**Task item:** Pick out each line below containing "Cable".

Crawled caption data

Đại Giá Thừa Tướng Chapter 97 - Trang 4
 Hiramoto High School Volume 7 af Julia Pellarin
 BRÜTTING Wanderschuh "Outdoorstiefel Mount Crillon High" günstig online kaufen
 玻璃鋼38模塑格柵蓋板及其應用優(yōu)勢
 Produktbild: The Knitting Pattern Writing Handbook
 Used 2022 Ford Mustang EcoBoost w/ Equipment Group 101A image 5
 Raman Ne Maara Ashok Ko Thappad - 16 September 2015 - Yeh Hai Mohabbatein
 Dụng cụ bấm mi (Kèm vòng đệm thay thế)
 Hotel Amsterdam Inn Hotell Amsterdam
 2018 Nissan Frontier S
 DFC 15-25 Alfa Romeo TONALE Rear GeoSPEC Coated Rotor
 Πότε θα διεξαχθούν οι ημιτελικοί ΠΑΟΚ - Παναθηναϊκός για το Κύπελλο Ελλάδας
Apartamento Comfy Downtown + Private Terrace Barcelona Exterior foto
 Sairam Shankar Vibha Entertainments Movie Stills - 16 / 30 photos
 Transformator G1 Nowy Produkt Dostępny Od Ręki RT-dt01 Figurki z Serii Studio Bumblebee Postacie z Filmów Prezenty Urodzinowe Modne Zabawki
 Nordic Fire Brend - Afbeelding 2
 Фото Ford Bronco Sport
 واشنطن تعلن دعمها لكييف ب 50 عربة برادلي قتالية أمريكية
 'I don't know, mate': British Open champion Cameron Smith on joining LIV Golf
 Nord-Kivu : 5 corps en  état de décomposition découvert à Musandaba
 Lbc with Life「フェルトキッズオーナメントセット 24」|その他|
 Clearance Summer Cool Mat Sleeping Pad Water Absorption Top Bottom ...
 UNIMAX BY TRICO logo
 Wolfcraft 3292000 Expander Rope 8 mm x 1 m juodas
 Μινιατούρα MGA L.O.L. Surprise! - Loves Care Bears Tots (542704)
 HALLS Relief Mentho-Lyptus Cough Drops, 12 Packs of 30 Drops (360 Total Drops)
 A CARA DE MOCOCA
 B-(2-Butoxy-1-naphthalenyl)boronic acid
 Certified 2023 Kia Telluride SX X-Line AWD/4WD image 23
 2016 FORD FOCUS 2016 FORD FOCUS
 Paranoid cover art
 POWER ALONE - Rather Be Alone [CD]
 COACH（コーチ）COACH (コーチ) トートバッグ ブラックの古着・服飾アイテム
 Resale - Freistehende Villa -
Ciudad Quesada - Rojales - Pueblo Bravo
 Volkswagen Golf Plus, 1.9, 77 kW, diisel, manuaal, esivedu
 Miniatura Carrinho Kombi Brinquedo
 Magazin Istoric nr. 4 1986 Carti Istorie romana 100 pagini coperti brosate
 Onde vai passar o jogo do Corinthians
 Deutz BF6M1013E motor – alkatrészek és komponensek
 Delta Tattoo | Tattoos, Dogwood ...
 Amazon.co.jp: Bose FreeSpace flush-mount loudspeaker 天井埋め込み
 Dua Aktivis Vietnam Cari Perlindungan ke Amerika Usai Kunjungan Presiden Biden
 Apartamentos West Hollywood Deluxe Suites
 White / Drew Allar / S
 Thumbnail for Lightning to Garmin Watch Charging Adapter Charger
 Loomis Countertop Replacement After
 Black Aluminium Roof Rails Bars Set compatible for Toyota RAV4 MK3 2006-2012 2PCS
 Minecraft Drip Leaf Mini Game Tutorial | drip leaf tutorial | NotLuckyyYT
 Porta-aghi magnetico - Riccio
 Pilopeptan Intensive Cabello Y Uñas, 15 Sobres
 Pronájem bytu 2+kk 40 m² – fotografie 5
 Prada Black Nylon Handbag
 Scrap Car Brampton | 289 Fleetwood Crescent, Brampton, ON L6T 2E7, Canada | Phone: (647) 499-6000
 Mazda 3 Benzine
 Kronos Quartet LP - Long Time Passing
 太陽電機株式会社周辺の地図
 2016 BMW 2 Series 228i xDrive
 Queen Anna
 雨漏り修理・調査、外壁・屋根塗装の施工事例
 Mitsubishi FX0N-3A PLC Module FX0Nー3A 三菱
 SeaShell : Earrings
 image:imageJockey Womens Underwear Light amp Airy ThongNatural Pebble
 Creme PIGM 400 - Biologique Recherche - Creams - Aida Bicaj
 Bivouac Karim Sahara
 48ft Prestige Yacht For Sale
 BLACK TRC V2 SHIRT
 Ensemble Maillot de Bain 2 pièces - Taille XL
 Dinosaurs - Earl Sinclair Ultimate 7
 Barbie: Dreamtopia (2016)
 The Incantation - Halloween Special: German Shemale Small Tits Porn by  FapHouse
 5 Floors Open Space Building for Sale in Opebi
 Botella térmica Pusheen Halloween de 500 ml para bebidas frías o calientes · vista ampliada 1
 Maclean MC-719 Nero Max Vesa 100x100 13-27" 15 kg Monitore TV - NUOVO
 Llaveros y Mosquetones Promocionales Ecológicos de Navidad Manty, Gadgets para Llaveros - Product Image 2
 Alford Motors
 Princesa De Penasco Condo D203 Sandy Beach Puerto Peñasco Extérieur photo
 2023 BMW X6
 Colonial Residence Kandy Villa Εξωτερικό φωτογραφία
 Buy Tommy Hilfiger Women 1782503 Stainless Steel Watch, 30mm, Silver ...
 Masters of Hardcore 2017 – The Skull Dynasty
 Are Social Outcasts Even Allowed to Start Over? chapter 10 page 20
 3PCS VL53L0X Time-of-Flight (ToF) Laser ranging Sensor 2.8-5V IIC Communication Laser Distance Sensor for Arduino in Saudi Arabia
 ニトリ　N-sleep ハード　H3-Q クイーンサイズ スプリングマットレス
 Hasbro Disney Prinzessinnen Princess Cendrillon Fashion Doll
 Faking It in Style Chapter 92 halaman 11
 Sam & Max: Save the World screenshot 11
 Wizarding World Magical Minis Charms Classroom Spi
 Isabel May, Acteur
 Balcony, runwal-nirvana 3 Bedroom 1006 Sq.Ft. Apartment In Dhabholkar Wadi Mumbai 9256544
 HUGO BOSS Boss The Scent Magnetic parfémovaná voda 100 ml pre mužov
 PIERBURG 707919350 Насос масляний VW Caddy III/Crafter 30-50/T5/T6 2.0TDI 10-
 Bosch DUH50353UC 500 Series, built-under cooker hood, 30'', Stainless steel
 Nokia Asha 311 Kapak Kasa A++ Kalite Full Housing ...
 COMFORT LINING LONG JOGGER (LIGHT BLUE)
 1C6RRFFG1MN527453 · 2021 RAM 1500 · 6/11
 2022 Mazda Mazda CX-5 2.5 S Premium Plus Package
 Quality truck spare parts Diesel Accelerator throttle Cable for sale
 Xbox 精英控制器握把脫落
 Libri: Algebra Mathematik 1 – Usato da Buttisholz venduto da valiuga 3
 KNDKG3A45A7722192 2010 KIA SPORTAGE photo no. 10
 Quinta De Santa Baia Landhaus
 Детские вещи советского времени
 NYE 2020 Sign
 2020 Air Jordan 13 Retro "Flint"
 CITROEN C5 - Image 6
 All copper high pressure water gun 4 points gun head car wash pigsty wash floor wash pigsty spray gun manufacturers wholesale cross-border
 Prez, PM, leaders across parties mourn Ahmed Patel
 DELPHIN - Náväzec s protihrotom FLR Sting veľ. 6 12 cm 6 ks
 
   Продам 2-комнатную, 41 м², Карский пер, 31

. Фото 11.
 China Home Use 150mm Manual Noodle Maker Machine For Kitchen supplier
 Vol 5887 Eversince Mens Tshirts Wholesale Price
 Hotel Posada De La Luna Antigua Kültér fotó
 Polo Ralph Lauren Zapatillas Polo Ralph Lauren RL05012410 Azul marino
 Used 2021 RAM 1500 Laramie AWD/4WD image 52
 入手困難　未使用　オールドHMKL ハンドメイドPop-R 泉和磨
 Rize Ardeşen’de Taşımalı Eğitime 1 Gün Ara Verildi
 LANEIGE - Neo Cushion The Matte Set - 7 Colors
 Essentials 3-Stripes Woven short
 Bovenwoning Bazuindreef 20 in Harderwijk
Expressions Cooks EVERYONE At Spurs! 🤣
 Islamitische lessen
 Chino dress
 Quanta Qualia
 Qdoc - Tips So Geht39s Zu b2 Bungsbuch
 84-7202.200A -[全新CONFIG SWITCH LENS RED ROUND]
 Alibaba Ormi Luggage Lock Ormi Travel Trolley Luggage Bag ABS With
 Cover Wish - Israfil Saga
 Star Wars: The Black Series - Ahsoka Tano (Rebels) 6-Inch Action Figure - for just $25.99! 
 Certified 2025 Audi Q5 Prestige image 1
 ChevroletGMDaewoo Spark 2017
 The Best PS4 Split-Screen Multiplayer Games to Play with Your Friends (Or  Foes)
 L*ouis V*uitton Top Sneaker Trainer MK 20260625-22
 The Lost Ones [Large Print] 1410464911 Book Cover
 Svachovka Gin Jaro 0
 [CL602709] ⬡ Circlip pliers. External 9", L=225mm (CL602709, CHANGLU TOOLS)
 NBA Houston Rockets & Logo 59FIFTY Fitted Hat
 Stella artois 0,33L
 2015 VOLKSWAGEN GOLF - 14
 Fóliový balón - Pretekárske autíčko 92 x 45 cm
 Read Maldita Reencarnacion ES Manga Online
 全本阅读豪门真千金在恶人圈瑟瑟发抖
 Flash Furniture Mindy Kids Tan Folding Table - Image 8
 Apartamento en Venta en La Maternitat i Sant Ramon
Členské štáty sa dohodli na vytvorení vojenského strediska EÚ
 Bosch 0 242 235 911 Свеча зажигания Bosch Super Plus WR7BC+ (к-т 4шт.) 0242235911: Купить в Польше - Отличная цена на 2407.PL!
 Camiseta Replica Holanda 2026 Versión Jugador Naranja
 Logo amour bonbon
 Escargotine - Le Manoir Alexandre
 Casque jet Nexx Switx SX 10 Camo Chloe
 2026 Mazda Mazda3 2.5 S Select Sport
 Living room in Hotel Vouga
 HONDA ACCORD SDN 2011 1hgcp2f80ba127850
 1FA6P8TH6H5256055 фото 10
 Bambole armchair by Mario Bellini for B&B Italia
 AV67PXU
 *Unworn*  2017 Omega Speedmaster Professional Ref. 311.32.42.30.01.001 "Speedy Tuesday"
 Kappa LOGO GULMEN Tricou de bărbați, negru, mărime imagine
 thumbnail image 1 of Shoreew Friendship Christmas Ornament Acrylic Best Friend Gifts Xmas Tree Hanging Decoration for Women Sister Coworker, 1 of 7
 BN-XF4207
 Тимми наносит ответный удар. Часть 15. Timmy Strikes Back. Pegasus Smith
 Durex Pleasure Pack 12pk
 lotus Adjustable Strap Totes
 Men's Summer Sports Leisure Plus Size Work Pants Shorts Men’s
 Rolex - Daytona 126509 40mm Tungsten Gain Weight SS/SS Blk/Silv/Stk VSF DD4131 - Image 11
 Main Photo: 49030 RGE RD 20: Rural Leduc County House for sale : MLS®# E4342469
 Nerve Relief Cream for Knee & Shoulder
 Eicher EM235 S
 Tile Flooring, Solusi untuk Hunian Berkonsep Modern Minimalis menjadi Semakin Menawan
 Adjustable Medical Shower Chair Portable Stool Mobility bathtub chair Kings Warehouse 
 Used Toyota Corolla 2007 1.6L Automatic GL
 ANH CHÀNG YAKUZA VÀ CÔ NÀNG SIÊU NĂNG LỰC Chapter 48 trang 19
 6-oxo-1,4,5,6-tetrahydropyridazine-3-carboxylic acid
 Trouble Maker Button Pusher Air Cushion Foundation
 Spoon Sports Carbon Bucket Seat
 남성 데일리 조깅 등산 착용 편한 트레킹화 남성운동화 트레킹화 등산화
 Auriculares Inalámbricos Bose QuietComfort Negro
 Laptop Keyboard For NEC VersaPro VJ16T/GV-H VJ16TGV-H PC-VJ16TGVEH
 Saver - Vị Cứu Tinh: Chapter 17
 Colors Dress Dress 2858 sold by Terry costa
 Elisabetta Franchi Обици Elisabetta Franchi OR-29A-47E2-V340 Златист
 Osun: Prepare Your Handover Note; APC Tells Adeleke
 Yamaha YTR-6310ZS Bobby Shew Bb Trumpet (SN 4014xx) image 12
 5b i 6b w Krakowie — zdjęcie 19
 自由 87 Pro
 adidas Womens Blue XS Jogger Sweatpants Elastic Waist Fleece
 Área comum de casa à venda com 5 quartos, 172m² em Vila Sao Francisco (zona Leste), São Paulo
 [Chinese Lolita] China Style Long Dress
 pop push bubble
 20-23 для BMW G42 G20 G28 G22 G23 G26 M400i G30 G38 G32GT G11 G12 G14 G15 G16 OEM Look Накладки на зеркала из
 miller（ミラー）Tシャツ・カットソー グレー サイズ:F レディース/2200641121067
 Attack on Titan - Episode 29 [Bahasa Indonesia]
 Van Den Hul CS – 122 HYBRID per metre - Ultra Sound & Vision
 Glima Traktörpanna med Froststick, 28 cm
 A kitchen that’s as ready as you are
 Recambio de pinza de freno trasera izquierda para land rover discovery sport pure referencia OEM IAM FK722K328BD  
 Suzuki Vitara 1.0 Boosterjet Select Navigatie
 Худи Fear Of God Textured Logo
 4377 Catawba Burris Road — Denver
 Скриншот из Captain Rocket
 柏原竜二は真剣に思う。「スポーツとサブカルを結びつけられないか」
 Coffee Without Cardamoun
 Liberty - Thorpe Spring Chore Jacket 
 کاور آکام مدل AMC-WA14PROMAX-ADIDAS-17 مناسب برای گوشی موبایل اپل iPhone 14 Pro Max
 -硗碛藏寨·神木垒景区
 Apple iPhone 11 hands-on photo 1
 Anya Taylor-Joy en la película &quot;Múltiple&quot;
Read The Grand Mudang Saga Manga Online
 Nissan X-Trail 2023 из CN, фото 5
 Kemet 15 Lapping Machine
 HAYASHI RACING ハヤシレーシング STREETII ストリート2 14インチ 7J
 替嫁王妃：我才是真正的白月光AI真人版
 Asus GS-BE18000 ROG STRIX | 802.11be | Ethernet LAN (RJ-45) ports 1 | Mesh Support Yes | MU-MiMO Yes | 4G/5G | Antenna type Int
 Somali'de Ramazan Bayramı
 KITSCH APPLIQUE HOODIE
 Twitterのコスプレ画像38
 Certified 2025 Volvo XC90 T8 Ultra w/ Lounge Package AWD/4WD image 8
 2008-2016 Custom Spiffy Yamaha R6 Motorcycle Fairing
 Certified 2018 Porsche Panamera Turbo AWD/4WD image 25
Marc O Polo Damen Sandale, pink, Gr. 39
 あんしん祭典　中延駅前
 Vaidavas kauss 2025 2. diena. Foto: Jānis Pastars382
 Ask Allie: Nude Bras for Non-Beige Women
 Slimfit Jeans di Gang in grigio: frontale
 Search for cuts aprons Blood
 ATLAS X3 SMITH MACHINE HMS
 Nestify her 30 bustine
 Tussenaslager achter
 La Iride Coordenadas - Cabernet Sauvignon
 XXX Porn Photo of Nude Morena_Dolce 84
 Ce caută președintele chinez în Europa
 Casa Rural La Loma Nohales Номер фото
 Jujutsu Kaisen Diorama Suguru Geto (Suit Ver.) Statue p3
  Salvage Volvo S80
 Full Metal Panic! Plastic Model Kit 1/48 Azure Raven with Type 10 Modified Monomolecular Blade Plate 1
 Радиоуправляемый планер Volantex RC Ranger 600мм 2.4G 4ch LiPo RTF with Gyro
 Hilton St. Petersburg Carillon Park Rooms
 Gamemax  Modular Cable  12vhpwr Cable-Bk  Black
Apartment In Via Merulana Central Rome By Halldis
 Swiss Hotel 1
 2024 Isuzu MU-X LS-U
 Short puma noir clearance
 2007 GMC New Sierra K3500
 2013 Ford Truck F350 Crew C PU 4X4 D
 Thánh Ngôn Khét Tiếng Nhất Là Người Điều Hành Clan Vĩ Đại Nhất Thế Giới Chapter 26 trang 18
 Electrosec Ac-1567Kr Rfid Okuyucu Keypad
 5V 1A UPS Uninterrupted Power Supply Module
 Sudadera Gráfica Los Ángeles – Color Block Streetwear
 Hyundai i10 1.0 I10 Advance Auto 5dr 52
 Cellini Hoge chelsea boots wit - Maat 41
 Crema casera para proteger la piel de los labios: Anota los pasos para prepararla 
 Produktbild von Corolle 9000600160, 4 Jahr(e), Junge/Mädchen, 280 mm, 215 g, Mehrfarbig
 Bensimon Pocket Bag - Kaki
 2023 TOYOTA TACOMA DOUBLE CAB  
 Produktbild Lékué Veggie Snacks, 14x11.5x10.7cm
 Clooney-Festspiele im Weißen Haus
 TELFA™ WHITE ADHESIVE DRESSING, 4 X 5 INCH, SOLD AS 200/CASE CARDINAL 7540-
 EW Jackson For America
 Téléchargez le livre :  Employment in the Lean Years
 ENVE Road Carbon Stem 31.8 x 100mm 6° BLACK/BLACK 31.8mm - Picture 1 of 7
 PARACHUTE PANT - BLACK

**Answer to this problem:**
 Quality truck spare parts Diesel Accelerator throttle Cable for sale
 Gamemax  Modular Cable  12vhpwr Cable-Bk  Black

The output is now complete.